Assigned task. Only the lines from the one with "Elegant restaurant with" through the last line of the records below belong in your answer, reproduced exactly and with the pictures left out.

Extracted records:
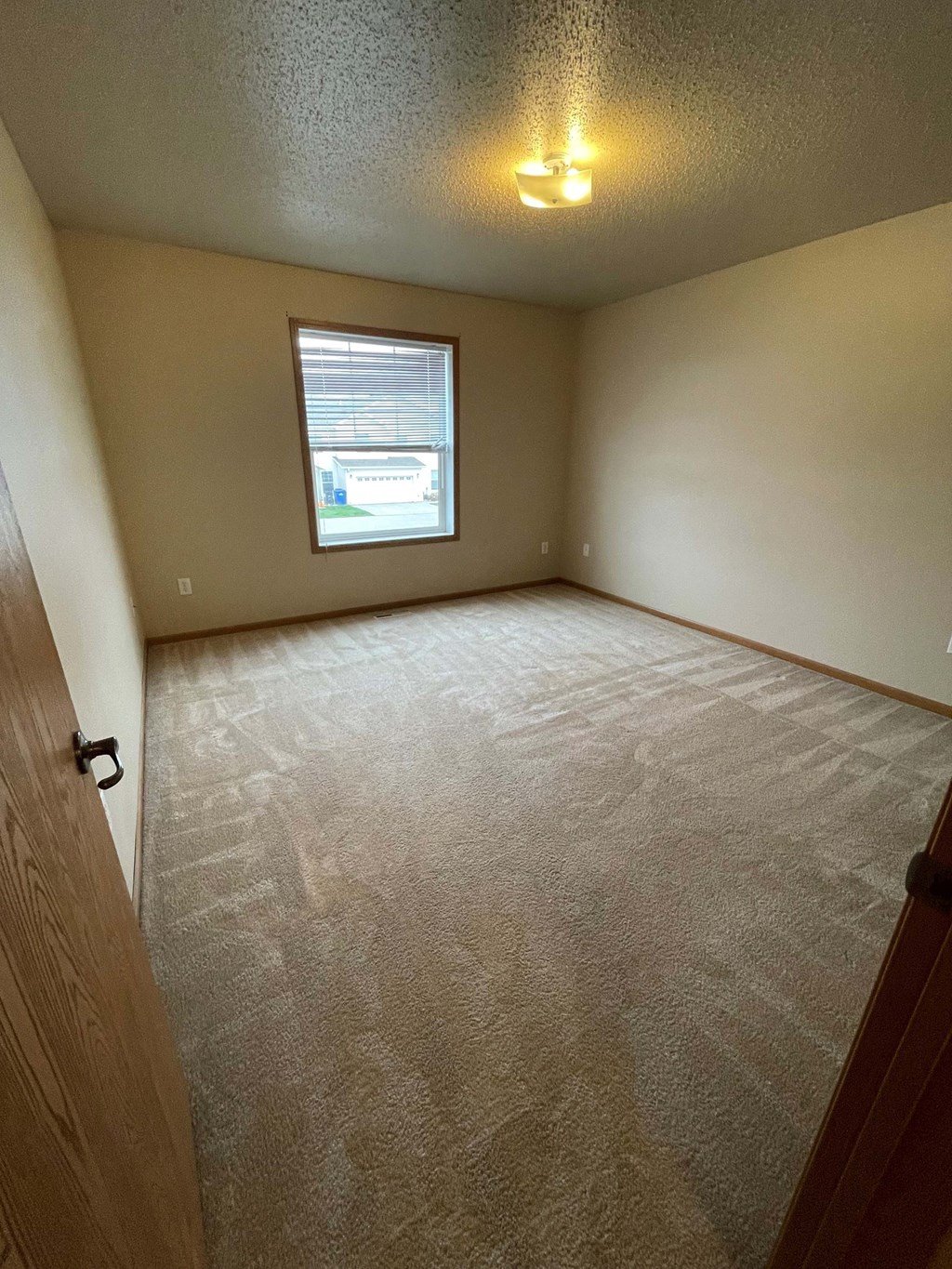 the living room of an empty house with a window
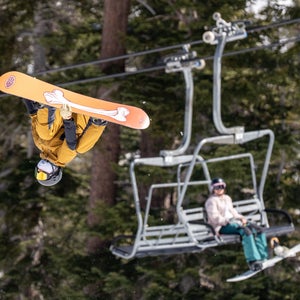 Snowboarder in mid air while people observe from a chairlift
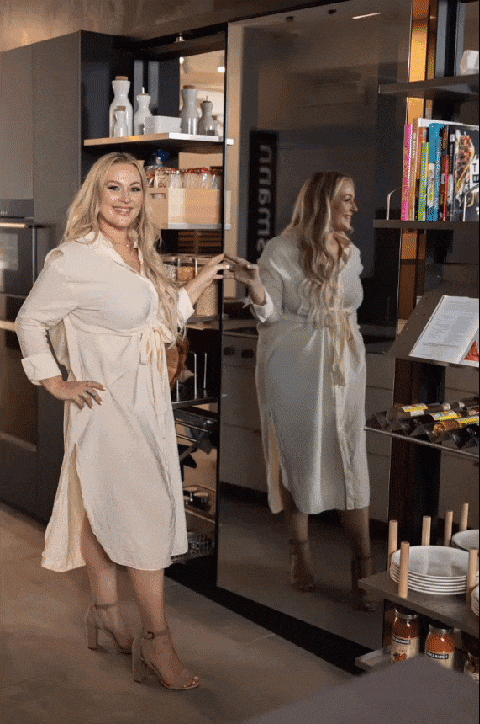 gif of emma in eggersmann la demonstrating the works pantry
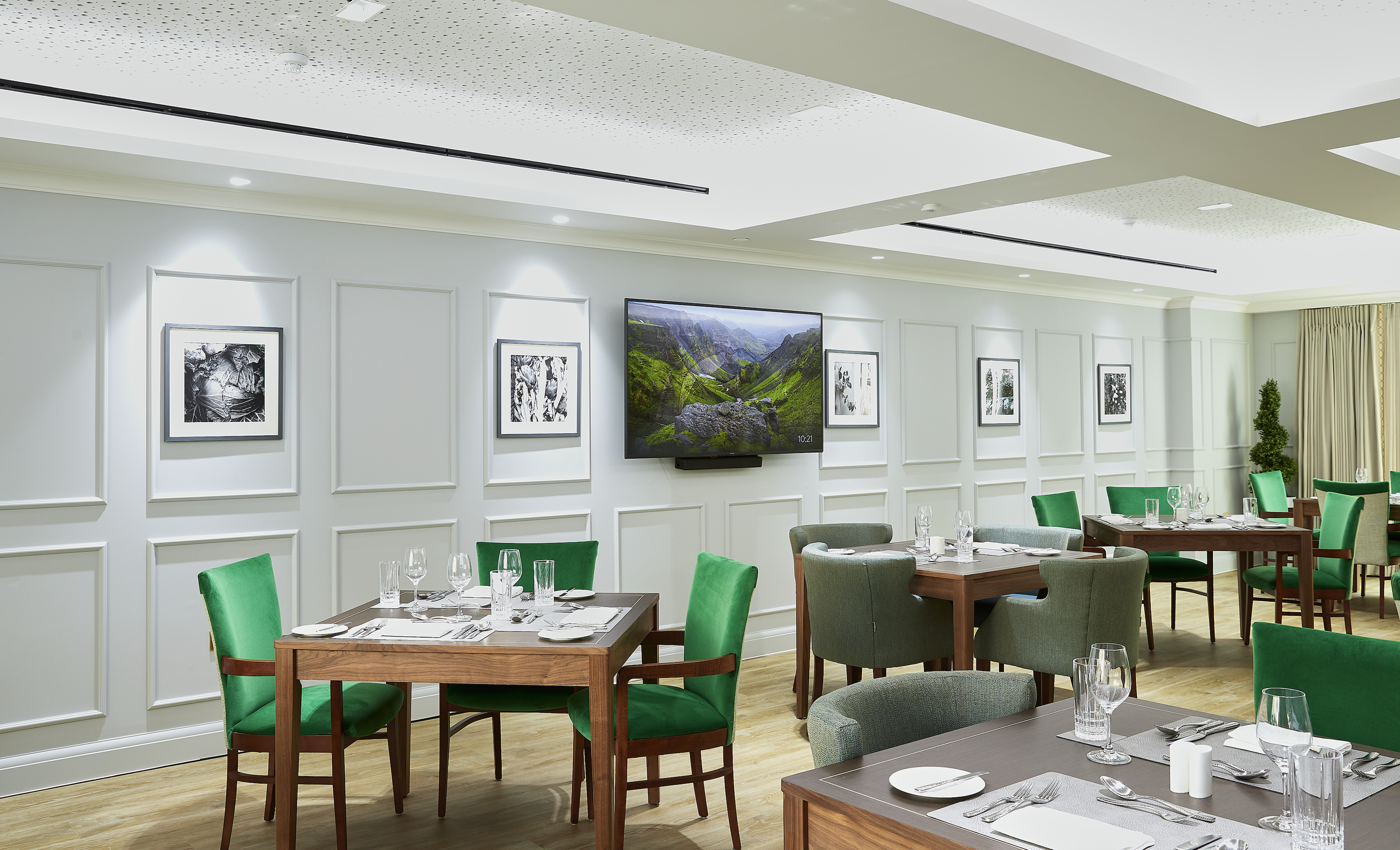 Elegant restaurant with white paneled walls and green upholstered chairs, set with glassware and silverware, and a large flat-screen television on the wall.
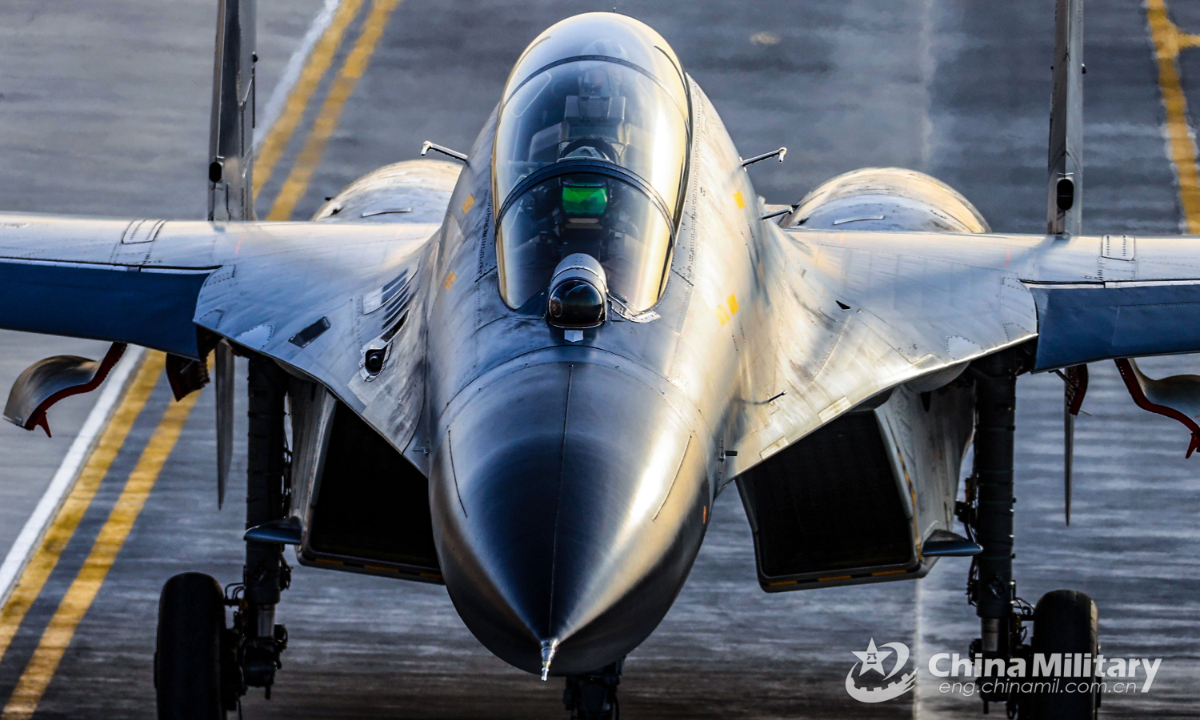 A fighter jet attached to an aviation brigade of the air force taxies on the runway to get ready for a flight training exercise on December 9, 2022. Photo:China Military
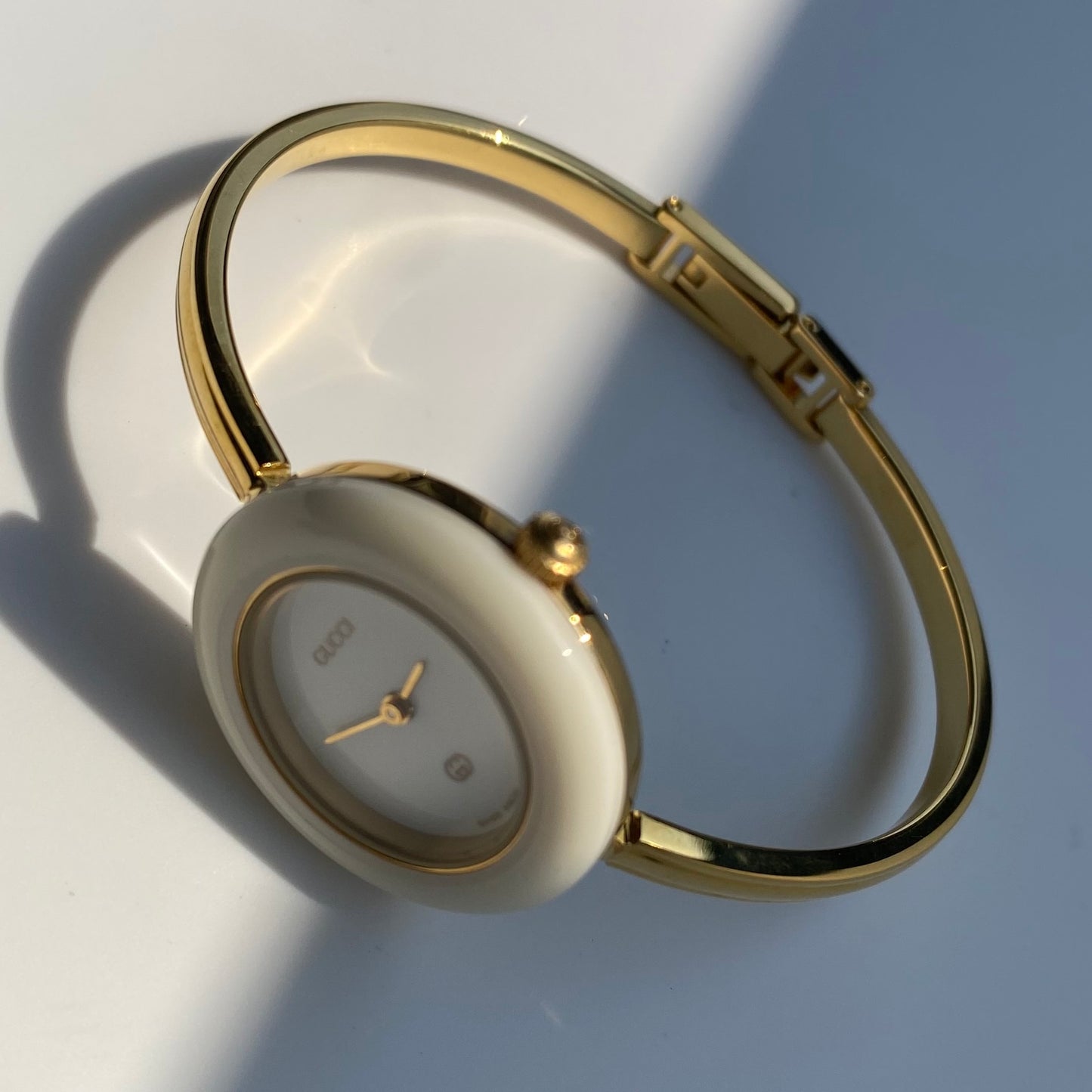Gucci 1990s Interchangeable Bezel Gold Plated Bangle Watch with 12 bezels, case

Exercise solution.
 Elegant restaurant with white paneled walls and green upholstered chairs, set with glassware and silverware, and a large flat-screen television on the wall.
 A fighter jet attached to an aviation brigade of the air force taxies on the runway to get ready for a flight training exercise on December 9, 2022. Photo:China Military
Gucci 1990s Interchangeable Bezel Gold Plated Bangle Watch with 12 bezels, case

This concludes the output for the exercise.